Last week I went to wake up my 11 -year-old. She was snuggled deep under the covers. I found her soft cheeks and I kissed them telling her it was time to get up. I kissed them some more, smooshing her cheeks and doing fish kisses all over her face, and she started to smile and stretch and I could feel the rumbles of a laugh building inside her. I started being silly and her arms wrapped around my neck and then ... then I remembered I needed to keep moving.

I untangled myself. Her arms dropped and I grabbed some dirty clothes from the floor and put an old wrapper in my pocket for the bin and I kept on going.

Not long after my 16-year-old called from her room as I walked past. She wanted to talk about a book she was reading. She'd stayed up late unable to put it down. I recognised her immersion and excitement in a story that had the power to take her into another world and I stopped at her doorway. A character in the book reminded her of me and I didn't ask "Oh, how?" or "Really, me?" or even "Was she Miss Universe?". I stood at her door thinking I need to keep going. I need to keep moving. "That's great," I said. "I'll have to have a look at that book tonight."

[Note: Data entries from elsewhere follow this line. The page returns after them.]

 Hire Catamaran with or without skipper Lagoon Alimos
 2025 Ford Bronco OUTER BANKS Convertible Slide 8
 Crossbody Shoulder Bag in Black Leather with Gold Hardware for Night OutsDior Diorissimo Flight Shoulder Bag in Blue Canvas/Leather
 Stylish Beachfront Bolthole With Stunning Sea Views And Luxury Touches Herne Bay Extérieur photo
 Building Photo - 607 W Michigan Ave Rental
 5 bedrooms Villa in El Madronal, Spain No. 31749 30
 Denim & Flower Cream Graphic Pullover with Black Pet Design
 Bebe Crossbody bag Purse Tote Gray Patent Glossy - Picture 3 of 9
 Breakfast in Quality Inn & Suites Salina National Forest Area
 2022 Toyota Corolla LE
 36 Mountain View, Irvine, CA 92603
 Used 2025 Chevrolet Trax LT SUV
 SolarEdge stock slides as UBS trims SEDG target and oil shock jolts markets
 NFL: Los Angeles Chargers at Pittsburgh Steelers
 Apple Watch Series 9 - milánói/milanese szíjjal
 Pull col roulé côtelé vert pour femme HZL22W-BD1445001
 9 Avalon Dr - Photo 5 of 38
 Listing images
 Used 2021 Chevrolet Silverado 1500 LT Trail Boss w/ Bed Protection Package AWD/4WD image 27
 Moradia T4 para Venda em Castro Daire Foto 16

"The problem is a mother who has forgotten how to stop for the moments she's lucky to have in the mornings."

The 14-year-old (yes, middle child) just quietly got herself ready, lunch packed, everything done and I think we simply glided past each other in a hallway.

Then we were gone.

It was only when I sort of stopped. When I was one block from work and jay-running across a road that I replayed my morning in my head and saw what I was doing.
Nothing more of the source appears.